Problem to work on — Look for the line with "Plaza Mayor de Tordesillas y Ayuntamiento"; please transcribe it and every later line in the entries exactly, up to the end, leaving pictures out.

Information shown —
····················

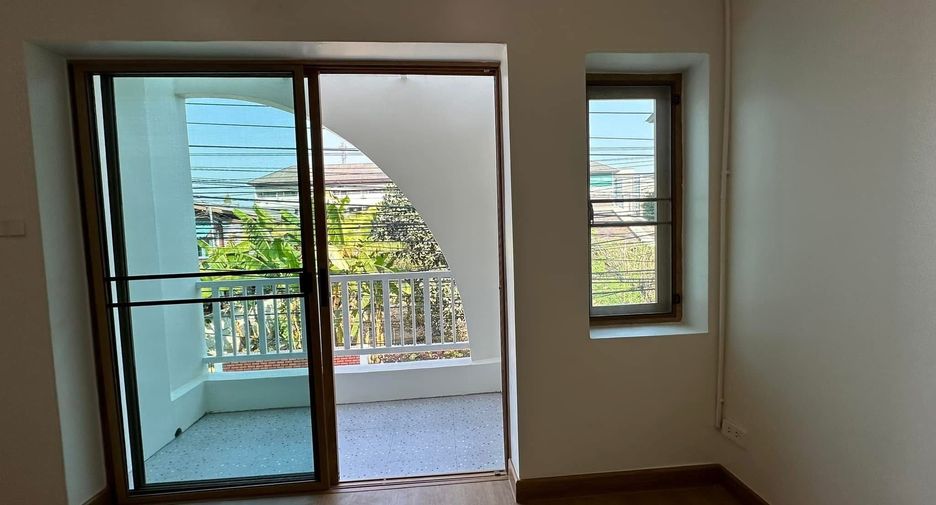 For sale and for rent 2 bedrooms townhouse in Mueang Chiang Mai, Chiang Mai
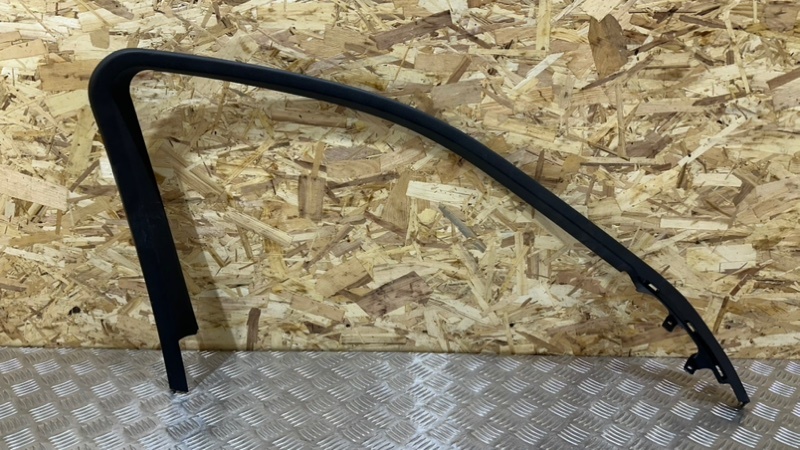 Молдинг на дверь передний левый Mercedes-Benz GLS - Class 2018 X166 OM642 A1667270178 контрактная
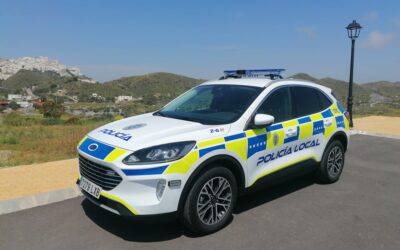 La Policía Local de Mojacar ya patrulla con su nuevo vehículo policial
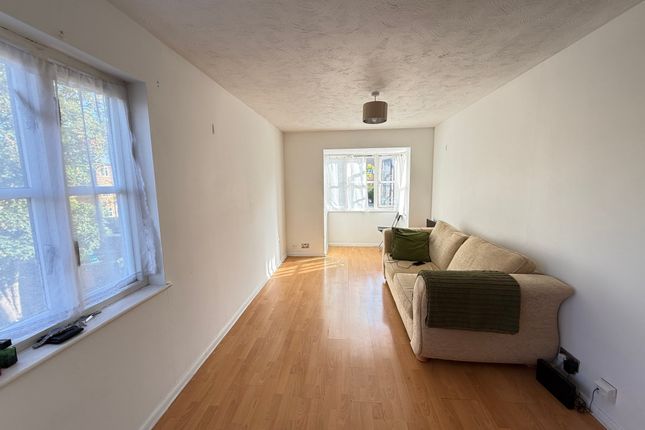 102, Conifer Way, Wembley photo 5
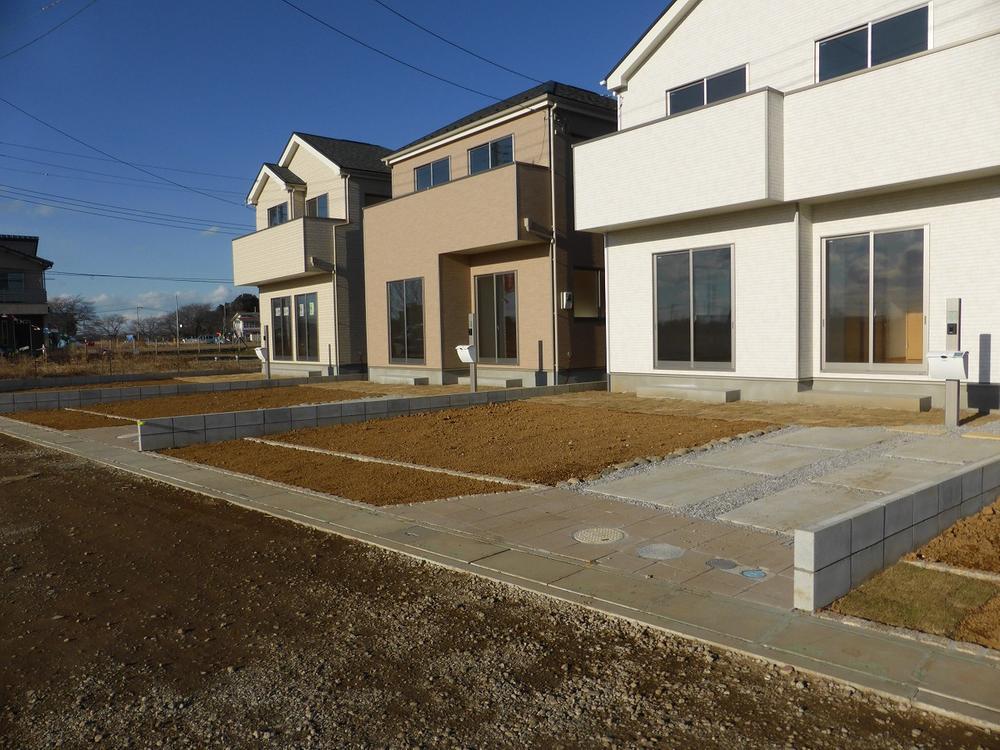 Local photos, including front road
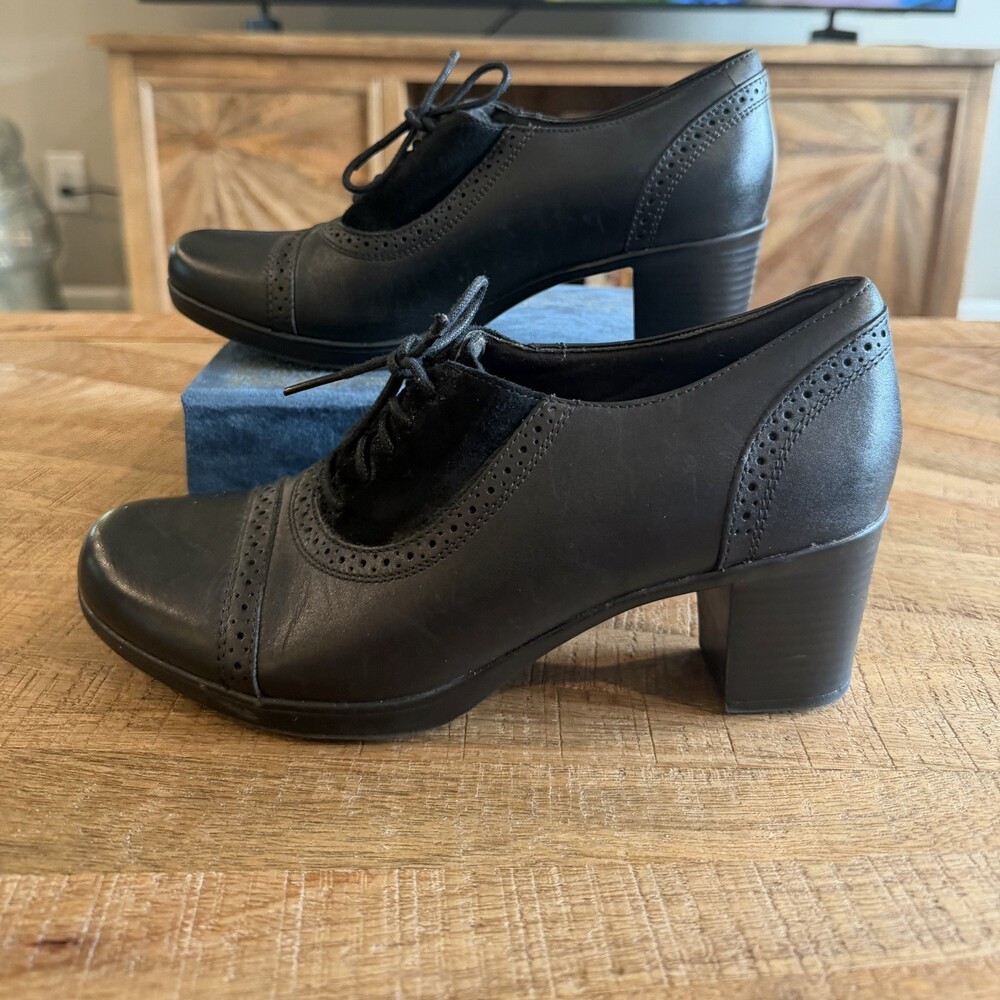 Clarks Bendables Oxford Brogues Leather Suede Black Women Heels Size 8.5 Lace Up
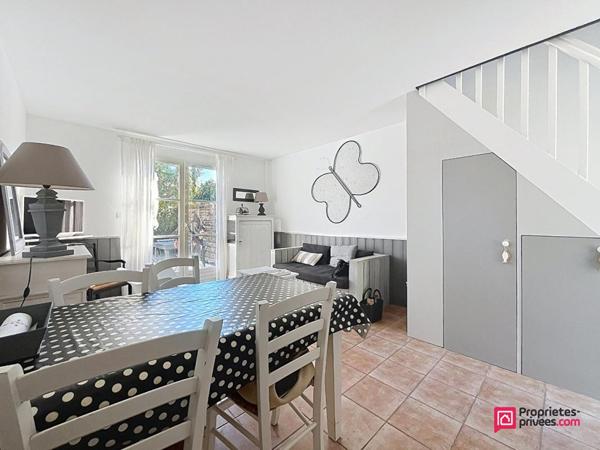 ARS EN RE - MAISON 2 CHAMBRES 40m2 AVEC JARDINET, PISCINE ET STATIONNEMENT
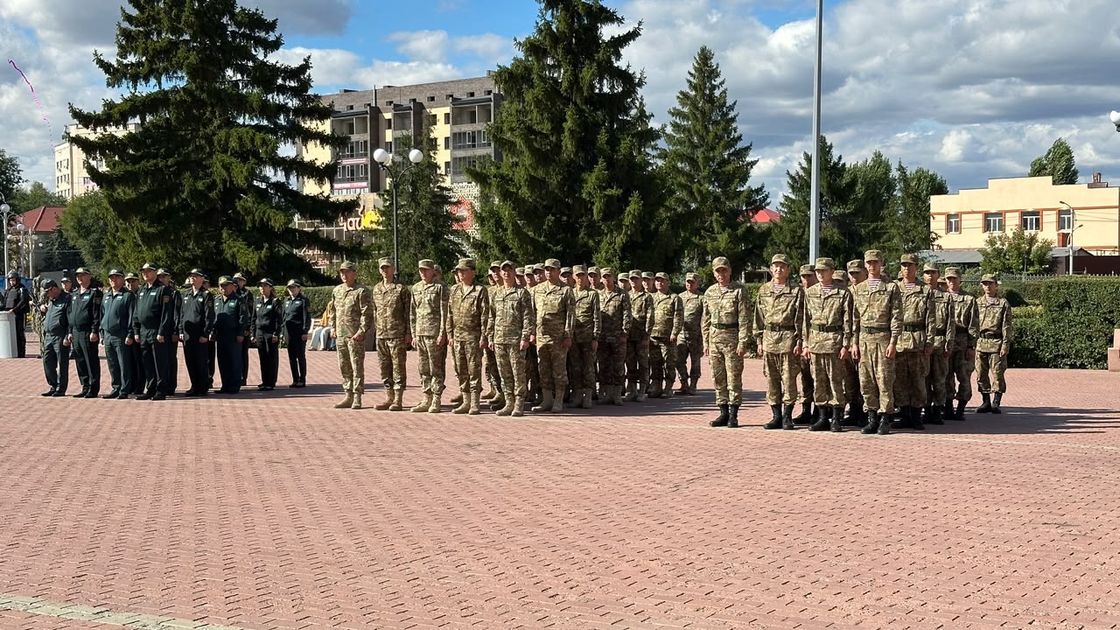 Оралда 20 бозбала абыройлы борышын өтеуге аттанды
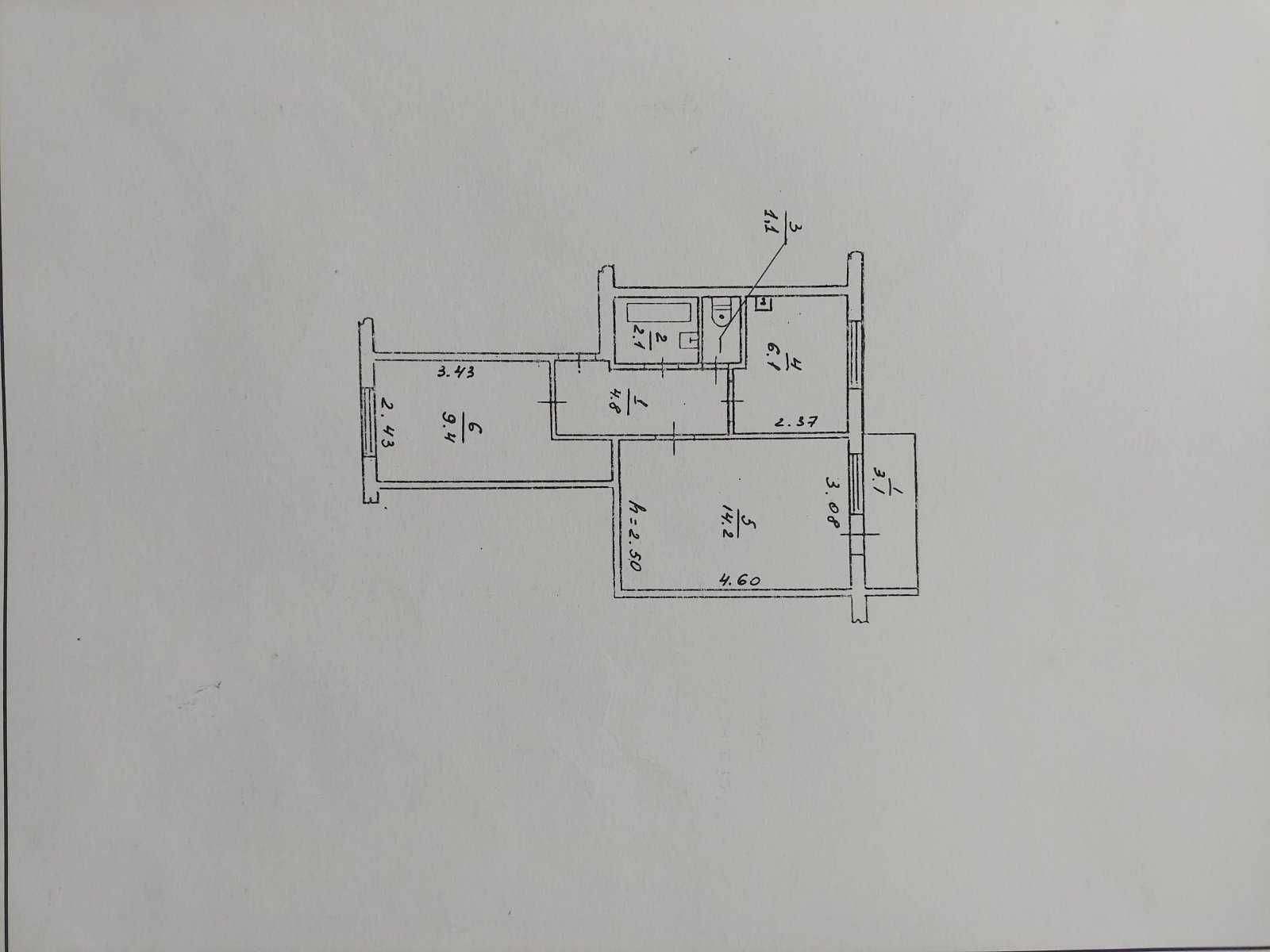 Продається 2 кімнатна квартира ,центр міста Бурштина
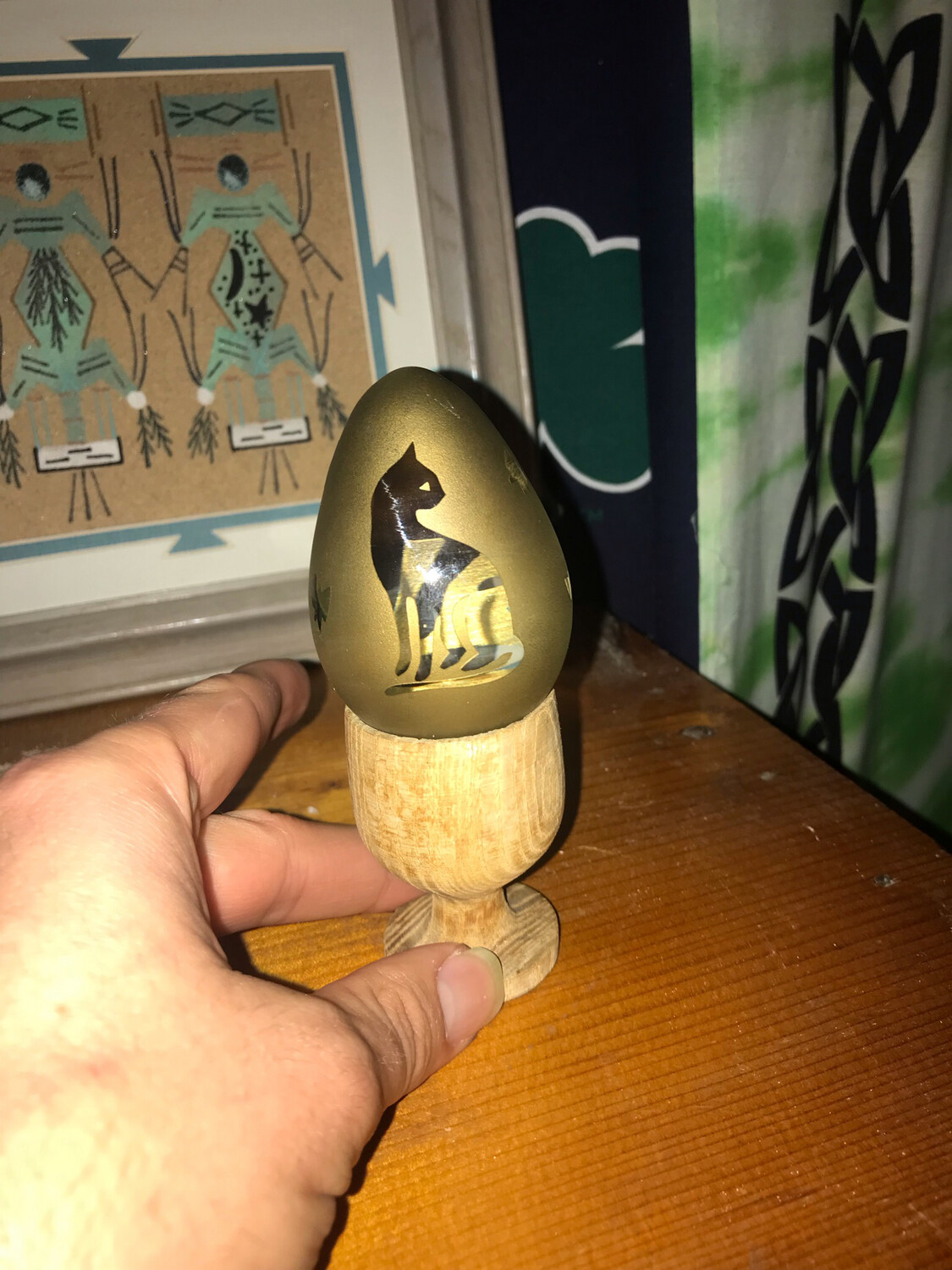 Cat Egg With Stand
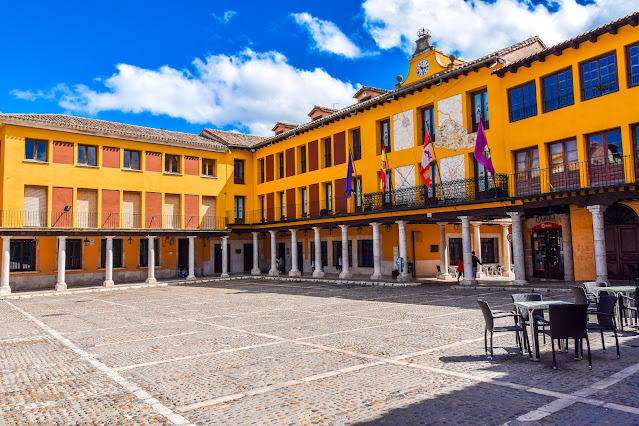 Plaza Mayor de Tordesillas y Ayuntamiento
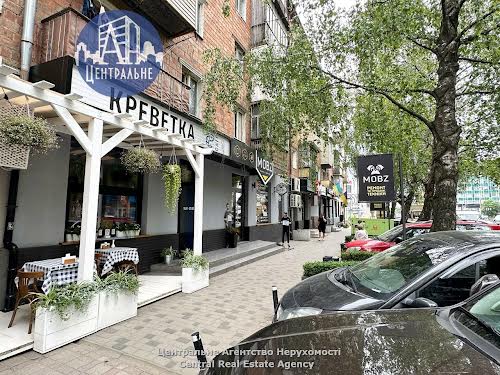 комерційна за адресою Небесної Сотні вул. (Івана Стасюка), 19-А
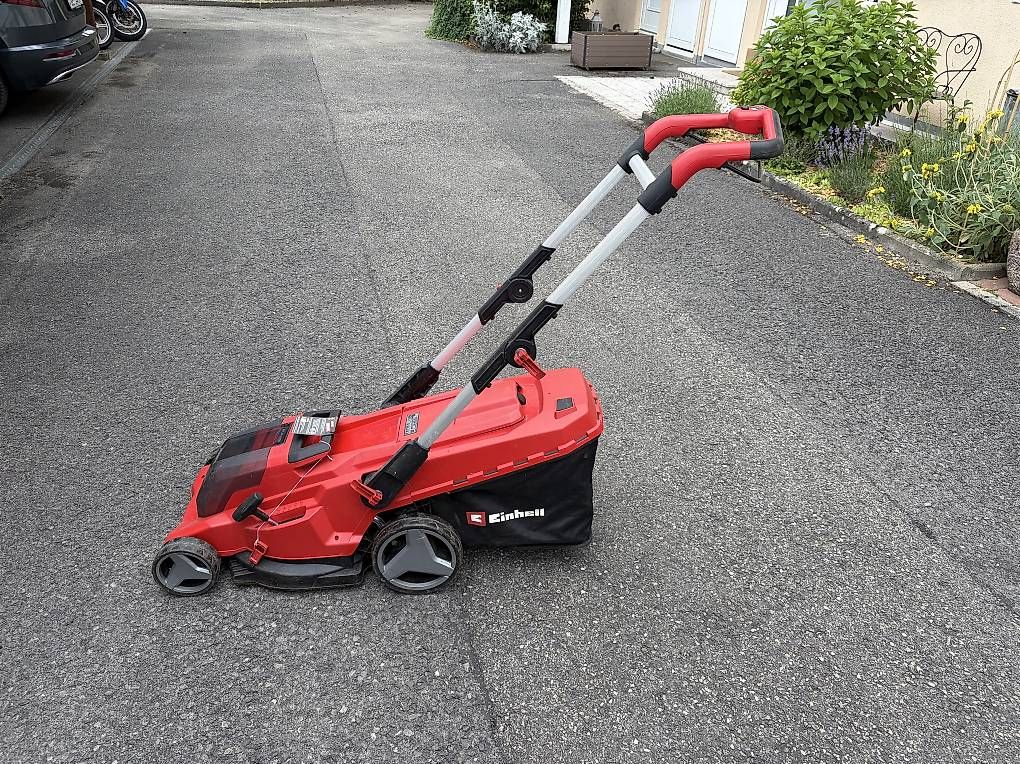Tondeuses à gazon: Tondeuse électrique Einhell et 2 batteries neuves – D'occasion à Vernier par NextLife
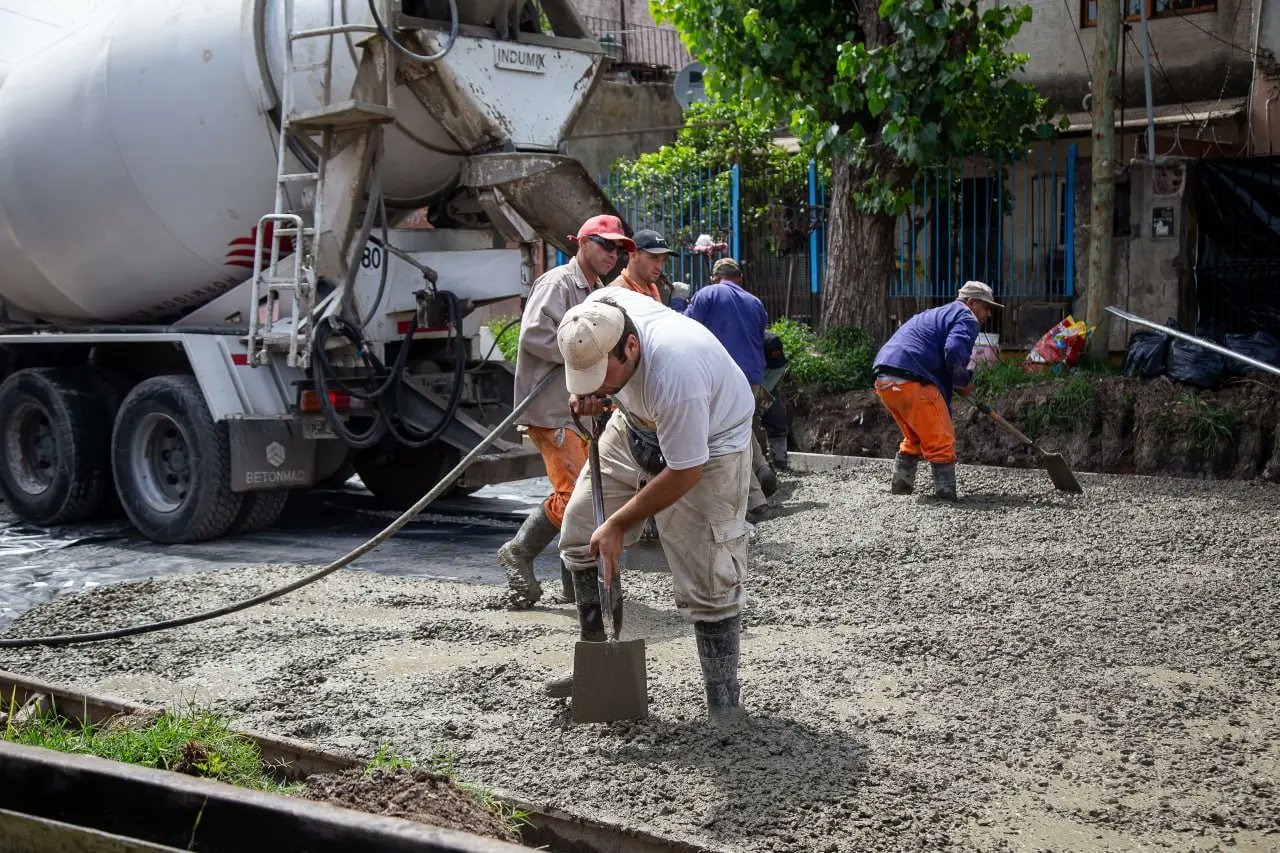 ÚLTIMA ETAPA DEL ASFALTO DE 85 CUADRAS DEL BARRIO LA UNIÓN DE SOLANO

····················

The completed task —
 Plaza Mayor de Tordesillas y Ayuntamiento
 комерційна за адресою Небесної Сотні вул. (Івана Стасюка), 19-А
Tondeuses à gazon: Tondeuse électrique Einhell et 2 batteries neuves – D'occasion à Vernier par NextLife
 ÚLTIMA ETAPA DEL ASFALTO DE 85 CUADRAS DEL BARRIO LA UNIÓN DE SOLANO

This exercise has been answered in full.